Heute wies mich Anna darauf hin, das schon am kommenden Freitag die ersten Ferien beginnen. Ferien! Mit so etwas hatte ich nicht gerechnet. Nun ist es höchste Zeit, Bahnkarten zu organisieren, denn diese sind in China rar und heiß begehrt. Anna war so freundlich, mir ihren Reiseführer zu leihen, weil ich vor lauter Überraschtheit gar nicht wußte, wohin ich eigentlich wollte. Auf meinem Zimmer angekommen fiel mir aber ein, daß ich schon immer nach Qingdao (Tsingtao) wollte, weil ich vom angenehmen Klima und der schönen Stadt gehört habe. Deswegen habe ich den heutigen Abend mit der Suche nach einem passenden Hostel oder Hotel verbracht und sogar noch in Lisa eine Mitreisende gefunden. Morgen früh wird dann Schlange gestanden für die Fahrkarten. (Heute nachmittag sah ich tatsächlich eine etwa 500m lange Schlange säuberlich aufgereihter Chinesen; ich hoffe, daß es einen Vormittagsbonus gibt.)

Mein Unterricht ist gleichbleibend anstrengend, aber wirkungsvoll. Meine Lehrer sind alle wunderbar und der Unterricht genau auf einem für mich angenehmen Niveau. Mit meiner Zimmernachbarin verstehe ich mich noch immer blendend und ich spreche viel Japanisch und Chinesisch, wenig Deutsch und gar kein Englisch. So hatte ich mir das vorgestellt! (Nur mein Mann sollte noch hier sein.)

Hier noch etwas wahllos einige Bilder aus den letzten Tagen:


Knapp daneben ist auch vorbei! Wenigstens kostet die DVD nur 1,40 Euro.


Von diesen Äpfeln habe ich bisher nur von meinem Ex-Scheff gehört. Es gibt sie tatsächlich und sie schmecken auch wirklich so gut, wie er behauptet hat.


Seitdem wir drei Ausländer so regelmäßig (will sagen: täglich) den Milchtee trinken, gibt es neuerdings sogar ein übersetztes Schild. Die letzte Sorte hält allerdings nicht, was sie verspricht.
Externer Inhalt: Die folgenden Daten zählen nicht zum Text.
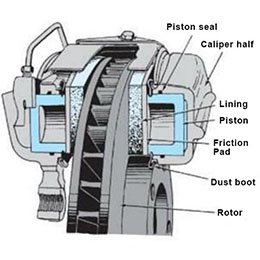 fixed brake calipers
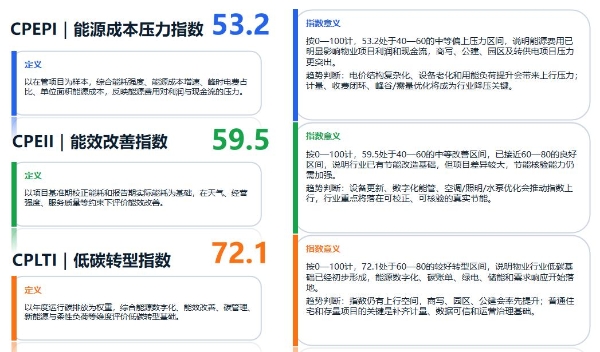 辰鳗科技集团：算好四本账，用AI帮物业挖掘每一度电的“隐形利润” 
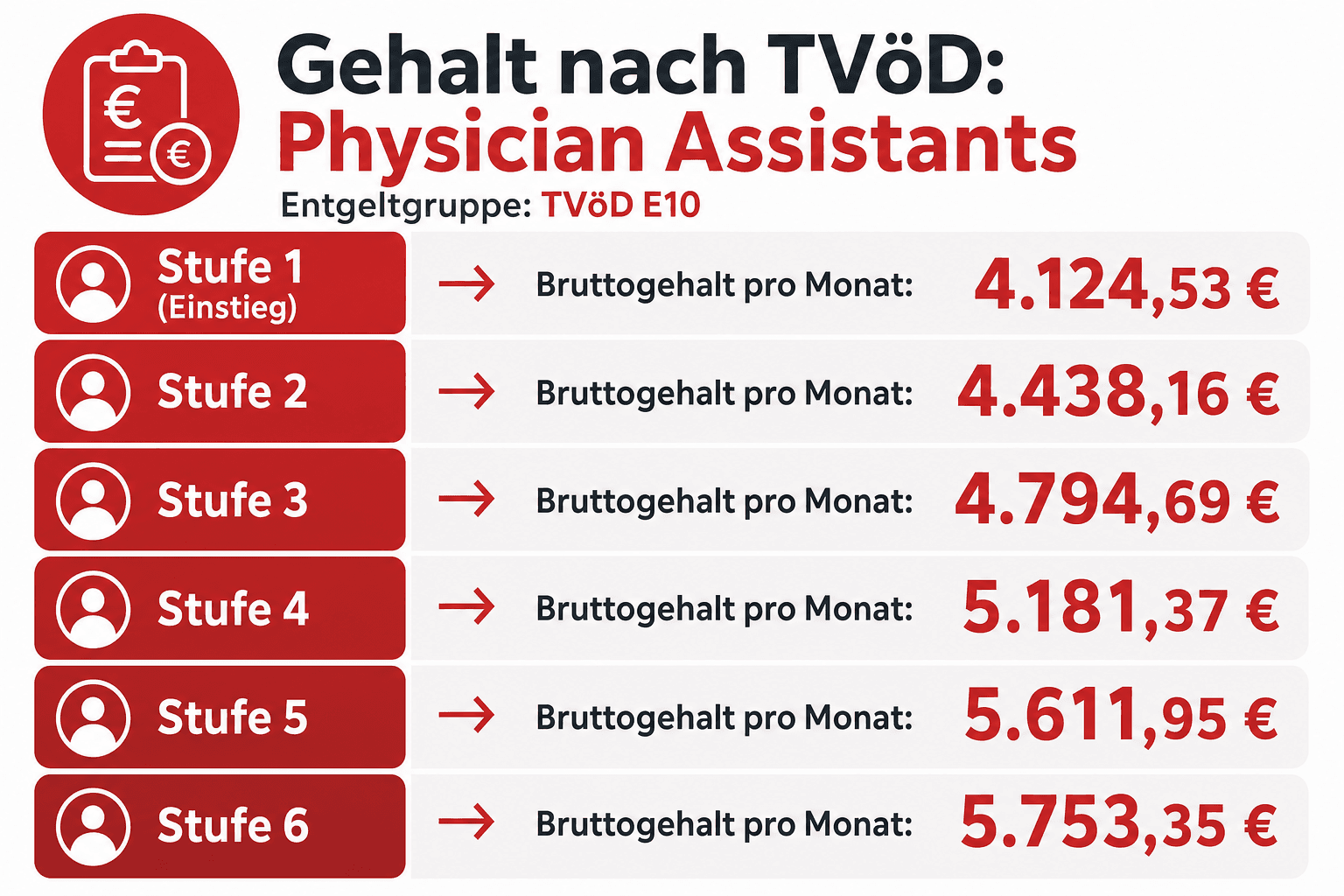 Infografik: Gehalt nach TVöD: Welche Entgeltgruppe gilt für Physician Assistants? TVöD E10: Stufe 1 (Einstieg) | Bruttogehalt pro Mo...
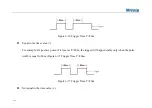 Preview for 120 page of Micsig Smart Series User Manual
Ständig trifft man in unvermuteten Orten auf Geschäfte und Reperaturläden. Leider fängt das Bild nicht ein, wie seltsam die Atmosphäre in dieser Geschäfts-Lagerhalle (?) war.
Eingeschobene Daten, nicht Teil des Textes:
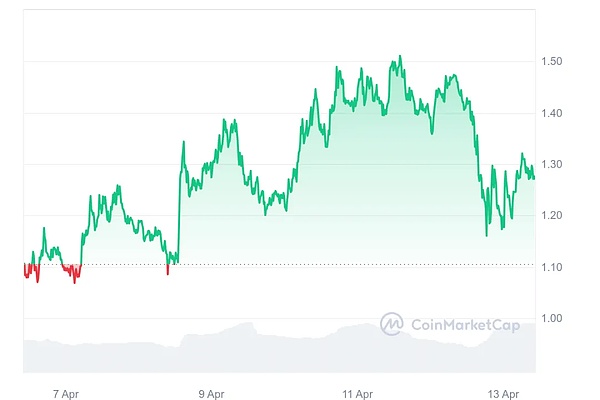 比特币生态迎来春天：DeFi、NFT与基础设施的狂欢盛宴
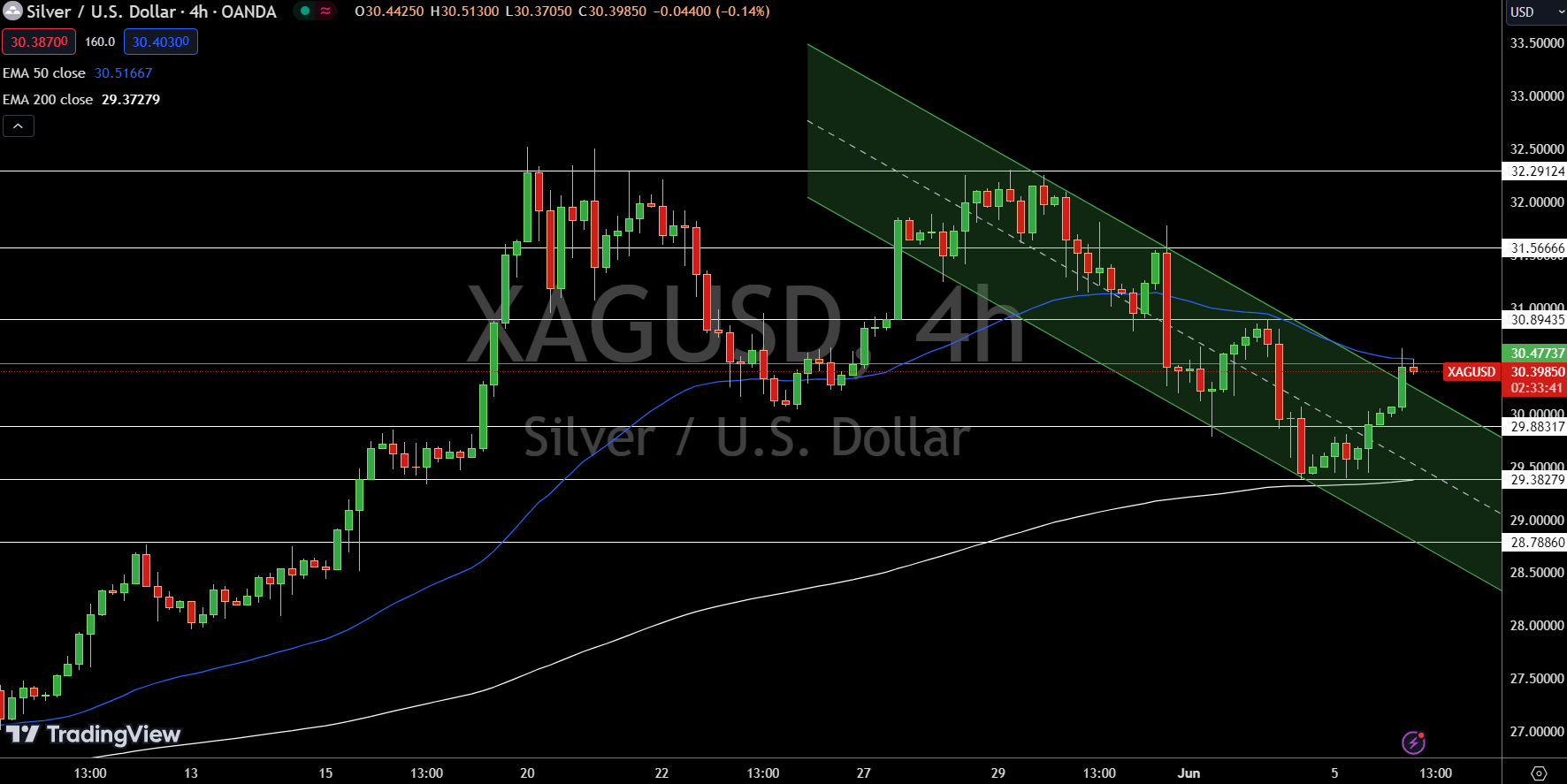 Silver - Chart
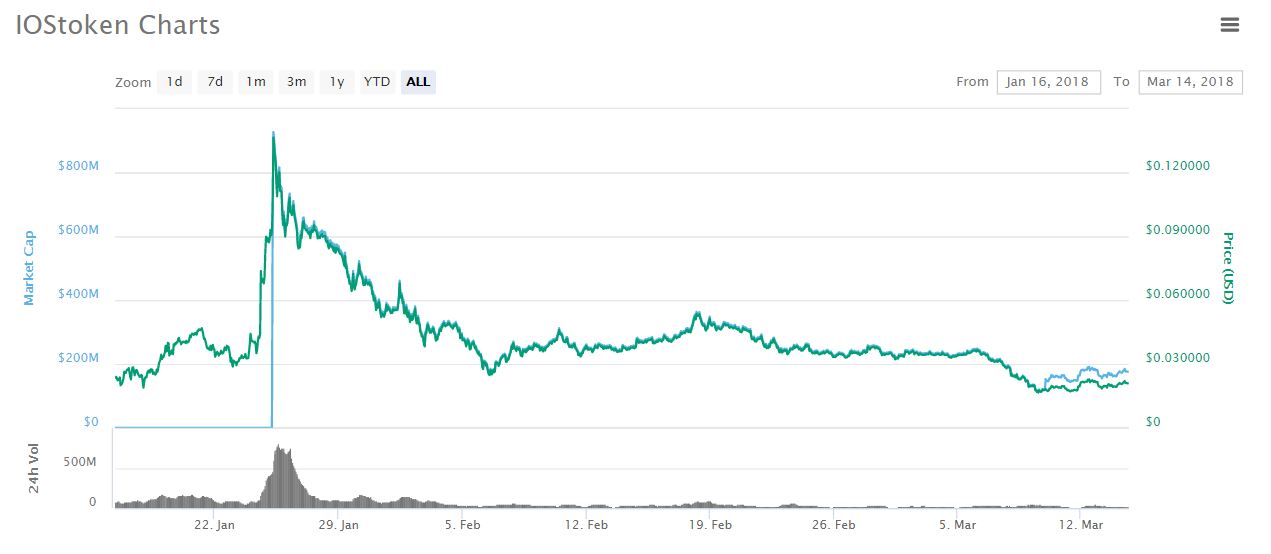 iostoken price chart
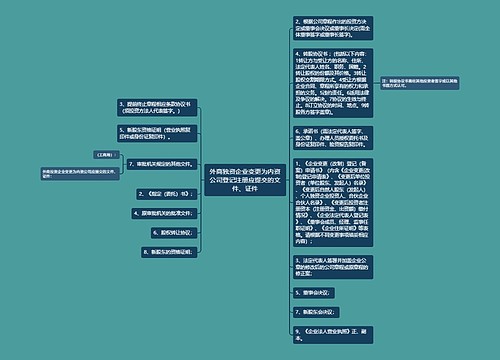 外商独资企业变更为内资公司登记注册应提交的文件、证件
Unter dem Lebensmittel-Notpaket, das mir mein Freund Akihito zum Geburtstag geschickt hat, befand sich auch dieser wenigstens für die japanischsprachigen Leser möglicherweise recht lustige Wortwitz. (Ja, ich bin leicht zu amüsieren.)



Nachtrag: Anscheinend dauert die Bahnreise 9 Stunden! Ich weiß ja nicht, ob das so eine gute Idee von mir war.